As I’ve been studying the opinions in EME Homer, I’m increasingly struck by the oddities of Justice Scalia’s dissent. There was a flap last week about his blunder, later quietly corrected, in describing one of his own past opinions. But that’s not the only peculiarity of the dissent.
As a quick reminder, EME Homer involved EPA’s effort to deal with interstate pollution under the clean air act. Figuring out how to allocate the clean-up responsibility between plants in different states is complicated. Although the statute doesn’t mention cost as a factor, EPA decided to base requirements for each plant on the plant’s cost of compliance. The Supreme Court majority upheld EPA. Justice Scalia dissented. He argued that it was illegitimate for EPA to base the regulation on costs because the statute didn’t include that as a factor. He also argued that it was an abuse of discretion for EPA to set the requirements itself rather than giving states a chance to do so first.

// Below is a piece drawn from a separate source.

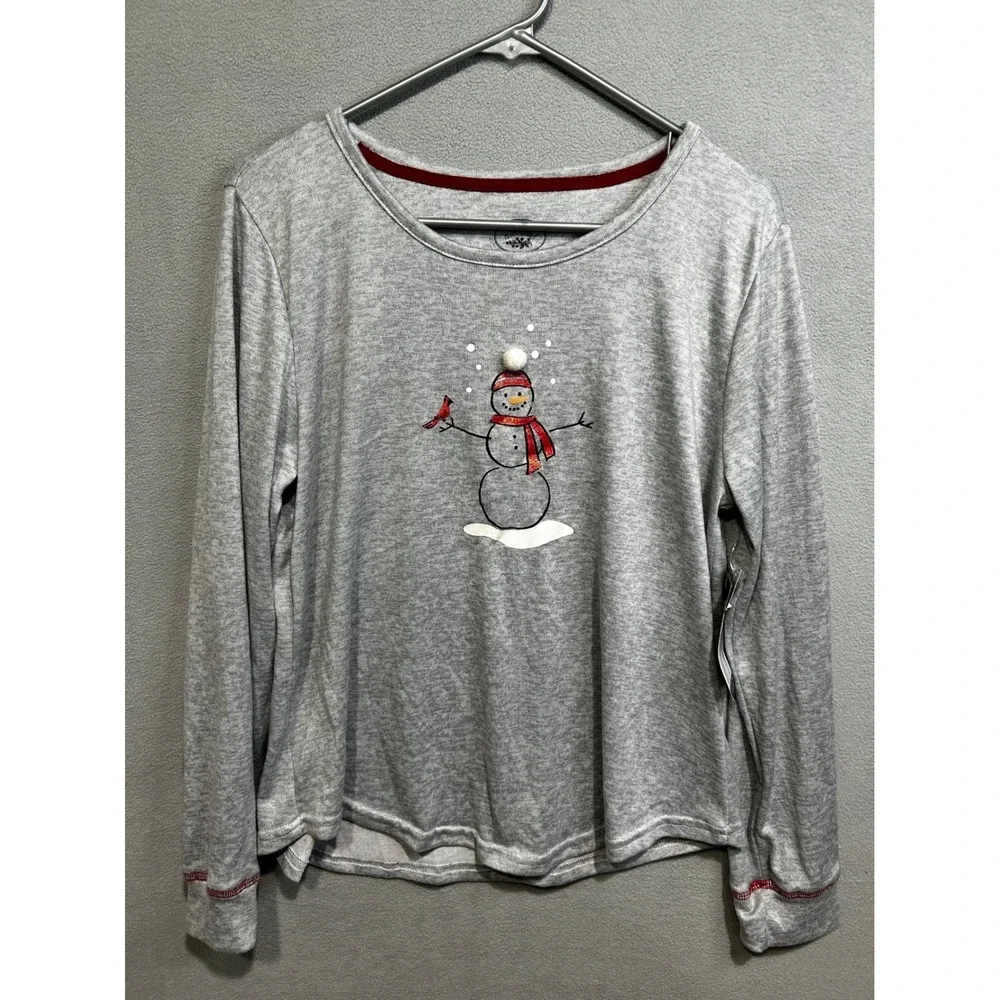 Laura Ashley Womens Gray Snowman Cardinal Long Sleeve Pajama‎ Top Shirt Large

There’s nothing unusual about a disagreement over the correct interpretation of a statute. But Justice Scalia’s dissent was odd in a number of ways. He originally compared the situation to an earlier case in which he had written the majority opinion, where he said EPA had tried to do the same thing. When it was pointed out that he had the previous case backwards, that section of the dissent was amended on the Court’s website. But other oddities remain.
For one thing, the Justice seems to have completely forgotten another one of his past opinions, even though it was discussed in the government’s brief. The thrust of Scalia’s dissent in the current case was that EPA had smuggled cost considerations into a statute that didn’t refer to them. But in a 2009 case, he upheld another EPA regulation that did exactly the same thing.
Entergy v. Riverkeeper involved the role of cost in applying a water pollution statute. The statute mandated the “best technology available” to “minimize the adverse environmental impact.” EPA decided not to require one extremely effective technology that was already in use in some places because the costs would be far too high compared to the additional environmental benefits. Just as in EME Homer, the statute in Entergy said nothing about costs. Yet Scalia had no trouble upholding EPA in that case, just the opposite of his view in EME Homer. Normally, a Justice would at least drop a footnote to address the apparent discrepancy between his positions in two such seemingly similar cases. This would seem especially appropriate since Scalia claimed the Court itself was violating precedent. But Scalia said nothing to explain the contradiction.
There’s also an odd contradiction within the dissent itself. Half of the dissent argues that the statute allows one and only one way of setting pollution controls for individual plants, based on their proportional contribution to downwind pollution. According to Scalia, it was outrageous of EPA to inject policy issues into this calculation. Instead, all that was needed were calculation by EPA’s “skilled number-crunchers.” The other half of the dissent argues that the states were arbitrarily deprived of their right to set pollution controls for individual plants. Scalia also considered this intrusion on state authority outrageous. But if setting the proportions was such a mechanical task, how were the states hurt when EPA did the number-crunching for them? The two halves of the dissent just don’t gibe.
Aside from substance, there are questions of style and editorial judgement. There’s the veiled comparison between EPA’s approach and the Marxist adage “from each according to his abilities.” In fact, Scalia likes the allusion so much he repeats it three times. Yet, it’s a silly comparison because the beneficiary of EPA’s approach is industry, not the proletariat. Milton Friedman would be a better reference point than Karl Marx. There’s also a lot of unnecessary hyperbole, such as calling EPA’s approach “utterly fanciful.” Although that’s not necessarily unusual for Scalia, it seems especially inapt in a case involving such an abstruse issue of statutory interpretation. Thus, the rhetoric seems to fall flat, whereas Scalia usually displays a keen aim in his invective.
Perhaps most strikingly, the tone of the dissent is sometimes startlingly casual. Consider these phrases from the dissent:
“Look Ma, no hands!”
“I am unimpressed, by the way, with the explanation . . . ”
“Wow, that’s a hard one—almost the equivalent of asking who is buried in Grant’s Tomb.”
It’s true that judicial opinions are somewhat less formal than they used to be, Scalia’s more than many others. But still, I can’t think of anything quite like this. “Wow, that’s a hard one”?
It’s not clear what to make of all this. The sloppiness of the opinion is all the more noteworthy because we are still nowhere near the end-of-the-term crunch, when things are more likely to slip through the cracks. Maybe the Justice and his clerks were just distracted by other matters, or maybe something else was at work. All very puzzling.